| Exercise |
Please set down every entry below exactly as given.

(Short web captions)
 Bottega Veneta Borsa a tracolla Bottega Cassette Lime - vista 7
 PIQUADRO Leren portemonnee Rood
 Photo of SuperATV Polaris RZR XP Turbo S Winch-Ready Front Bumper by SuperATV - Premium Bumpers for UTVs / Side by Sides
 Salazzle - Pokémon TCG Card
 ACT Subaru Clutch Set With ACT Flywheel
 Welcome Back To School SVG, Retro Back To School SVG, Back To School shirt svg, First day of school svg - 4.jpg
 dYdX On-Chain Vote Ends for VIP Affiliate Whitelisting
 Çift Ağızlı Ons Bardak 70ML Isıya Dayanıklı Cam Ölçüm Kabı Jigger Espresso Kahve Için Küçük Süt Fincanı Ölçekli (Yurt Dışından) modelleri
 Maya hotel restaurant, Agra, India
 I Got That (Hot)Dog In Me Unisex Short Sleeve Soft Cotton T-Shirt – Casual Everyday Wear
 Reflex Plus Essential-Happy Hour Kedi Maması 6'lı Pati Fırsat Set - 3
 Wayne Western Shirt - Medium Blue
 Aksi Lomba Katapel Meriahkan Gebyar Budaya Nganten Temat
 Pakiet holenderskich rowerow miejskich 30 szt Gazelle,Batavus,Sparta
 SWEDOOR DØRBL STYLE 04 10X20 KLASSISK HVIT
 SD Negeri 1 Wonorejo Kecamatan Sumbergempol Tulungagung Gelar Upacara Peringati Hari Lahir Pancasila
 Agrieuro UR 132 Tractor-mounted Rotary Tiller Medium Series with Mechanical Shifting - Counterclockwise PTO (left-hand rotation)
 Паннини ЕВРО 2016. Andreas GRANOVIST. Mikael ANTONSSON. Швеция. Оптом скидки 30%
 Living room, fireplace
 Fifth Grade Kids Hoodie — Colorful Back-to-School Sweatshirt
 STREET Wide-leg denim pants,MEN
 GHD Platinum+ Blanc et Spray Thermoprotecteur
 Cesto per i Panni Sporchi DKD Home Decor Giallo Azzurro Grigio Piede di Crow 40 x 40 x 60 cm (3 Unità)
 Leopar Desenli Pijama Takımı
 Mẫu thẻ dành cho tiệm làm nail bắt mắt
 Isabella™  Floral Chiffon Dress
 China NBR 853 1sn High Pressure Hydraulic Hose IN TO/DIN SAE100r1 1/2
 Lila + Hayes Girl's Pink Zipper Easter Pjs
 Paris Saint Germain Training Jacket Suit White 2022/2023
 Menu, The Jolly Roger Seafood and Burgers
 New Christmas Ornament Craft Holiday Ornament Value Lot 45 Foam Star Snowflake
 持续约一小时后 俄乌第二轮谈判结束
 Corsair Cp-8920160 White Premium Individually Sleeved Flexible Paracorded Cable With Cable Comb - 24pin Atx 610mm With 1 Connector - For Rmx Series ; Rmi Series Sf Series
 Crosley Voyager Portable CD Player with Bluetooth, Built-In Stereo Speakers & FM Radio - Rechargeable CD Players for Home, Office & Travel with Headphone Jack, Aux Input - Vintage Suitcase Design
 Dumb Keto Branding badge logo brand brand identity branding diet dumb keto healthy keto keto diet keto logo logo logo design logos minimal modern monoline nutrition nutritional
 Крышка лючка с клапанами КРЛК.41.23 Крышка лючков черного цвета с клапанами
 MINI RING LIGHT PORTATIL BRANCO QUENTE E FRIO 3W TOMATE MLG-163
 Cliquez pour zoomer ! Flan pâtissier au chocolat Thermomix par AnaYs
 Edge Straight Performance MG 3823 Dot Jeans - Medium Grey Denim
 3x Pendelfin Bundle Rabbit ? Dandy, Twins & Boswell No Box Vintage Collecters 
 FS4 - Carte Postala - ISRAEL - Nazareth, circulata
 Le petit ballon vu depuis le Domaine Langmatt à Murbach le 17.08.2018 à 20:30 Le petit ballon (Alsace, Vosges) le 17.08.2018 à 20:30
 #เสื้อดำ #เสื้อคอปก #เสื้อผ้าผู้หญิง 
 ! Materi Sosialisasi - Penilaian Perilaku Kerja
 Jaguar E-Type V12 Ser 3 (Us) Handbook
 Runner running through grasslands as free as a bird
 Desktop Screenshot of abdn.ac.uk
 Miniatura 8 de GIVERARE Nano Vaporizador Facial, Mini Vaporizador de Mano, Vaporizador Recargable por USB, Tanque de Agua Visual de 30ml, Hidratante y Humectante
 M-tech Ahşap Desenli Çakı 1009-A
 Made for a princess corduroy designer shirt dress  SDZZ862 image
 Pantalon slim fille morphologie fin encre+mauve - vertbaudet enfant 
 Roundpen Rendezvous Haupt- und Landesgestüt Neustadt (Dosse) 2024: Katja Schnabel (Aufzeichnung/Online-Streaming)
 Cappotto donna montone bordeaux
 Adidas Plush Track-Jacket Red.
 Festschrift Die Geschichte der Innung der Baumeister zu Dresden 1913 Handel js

| Expected answer |
 Bottega Veneta Borsa a tracolla Bottega Cassette Lime - vista 7
 PIQUADRO Leren portemonnee Rood
 Photo of SuperATV Polaris RZR XP Turbo S Winch-Ready Front Bumper by SuperATV - Premium Bumpers for UTVs / Side by Sides
 Salazzle - Pokémon TCG Card
 ACT Subaru Clutch Set With ACT Flywheel
 Welcome Back To School SVG, Retro Back To School SVG, Back To School shirt svg, First day of school svg - 4.jpg
 dYdX On-Chain Vote Ends for VIP Affiliate Whitelisting
 Çift Ağızlı Ons Bardak 70ML Isıya Dayanıklı Cam Ölçüm Kabı Jigger Espresso Kahve Için Küçük Süt Fincanı Ölçekli (Yurt Dışından) modelleri
 Maya hotel restaurant, Agra, India
 I Got That (Hot)Dog In Me Unisex Short Sleeve Soft Cotton T-Shirt – Casual Everyday Wear
 Reflex Plus Essential-Happy Hour Kedi Maması 6'lı Pati Fırsat Set - 3
 Wayne Western Shirt - Medium Blue
 Aksi Lomba Katapel Meriahkan Gebyar Budaya Nganten Temat
 Pakiet holenderskich rowerow miejskich 30 szt Gazelle,Batavus,Sparta
 SWEDOOR DØRBL STYLE 04 10X20 KLASSISK HVIT
 SD Negeri 1 Wonorejo Kecamatan Sumbergempol Tulungagung Gelar Upacara Peringati Hari Lahir Pancasila
 Agrieuro UR 132 Tractor-mounted Rotary Tiller Medium Series with Mechanical Shifting - Counterclockwise PTO (left-hand rotation)
 Паннини ЕВРО 2016. Andreas GRANOVIST. Mikael ANTONSSON. Швеция. Оптом скидки 30%
 Living room, fireplace
 Fifth Grade Kids Hoodie — Colorful Back-to-School Sweatshirt
 STREET Wide-leg denim pants,MEN
 GHD Platinum+ Blanc et Spray Thermoprotecteur
 Cesto per i Panni Sporchi DKD Home Decor Giallo Azzurro Grigio Piede di Crow 40 x 40 x 60 cm (3 Unità)
 Leopar Desenli Pijama Takımı
 Mẫu thẻ dành cho tiệm làm nail bắt mắt
 Isabella™  Floral Chiffon Dress
 China NBR 853 1sn High Pressure Hydraulic Hose IN TO/DIN SAE100r1 1/2
 Lila + Hayes Girl's Pink Zipper Easter Pjs
 Paris Saint Germain Training Jacket Suit White 2022/2023
 Menu, The Jolly Roger Seafood and Burgers
 New Christmas Ornament Craft Holiday Ornament Value Lot 45 Foam Star Snowflake
 持续约一小时后 俄乌第二轮谈判结束
 Corsair Cp-8920160 White Premium Individually Sleeved Flexible Paracorded Cable With Cable Comb - 24pin Atx 610mm With 1 Connector - For Rmx Series ; Rmi Series Sf Series
 Crosley Voyager Portable CD Player with Bluetooth, Built-In Stereo Speakers & FM Radio - Rechargeable CD Players for Home, Office & Travel with Headphone Jack, Aux Input - Vintage Suitcase Design
 Dumb Keto Branding badge logo brand brand identity branding diet dumb keto healthy keto keto diet keto logo logo logo design logos minimal modern monoline nutrition nutritional
 Крышка лючка с клапанами КРЛК.41.23 Крышка лючков черного цвета с клапанами
 MINI RING LIGHT PORTATIL BRANCO QUENTE E FRIO 3W TOMATE MLG-163
 Cliquez pour zoomer ! Flan pâtissier au chocolat Thermomix par AnaYs
 Edge Straight Performance MG 3823 Dot Jeans - Medium Grey Denim
 3x Pendelfin Bundle Rabbit ? Dandy, Twins & Boswell No Box Vintage Collecters 
 FS4 - Carte Postala - ISRAEL - Nazareth, circulata
 Le petit ballon vu depuis le Domaine Langmatt à Murbach le 17.08.2018 à 20:30 Le petit ballon (Alsace, Vosges) le 17.08.2018 à 20:30
 #เสื้อดำ #เสื้อคอปก #เสื้อผ้าผู้หญิง 
 ! Materi Sosialisasi - Penilaian Perilaku Kerja
 Jaguar E-Type V12 Ser 3 (Us) Handbook
 Runner running through grasslands as free as a bird
 Desktop Screenshot of abdn.ac.uk
 Miniatura 8 de GIVERARE Nano Vaporizador Facial, Mini Vaporizador de Mano, Vaporizador Recargable por USB, Tanque de Agua Visual de 30ml, Hidratante y Humectante
 M-tech Ahşap Desenli Çakı 1009-A
 Made for a princess corduroy designer shirt dress  SDZZ862 image
 Pantalon slim fille morphologie fin encre+mauve - vertbaudet enfant 
 Roundpen Rendezvous Haupt- und Landesgestüt Neustadt (Dosse) 2024: Katja Schnabel (Aufzeichnung/Online-Streaming)
 Cappotto donna montone bordeaux
 Adidas Plush Track-Jacket Red.
 Festschrift Die Geschichte der Innung der Baumeister zu Dresden 1913 Handel js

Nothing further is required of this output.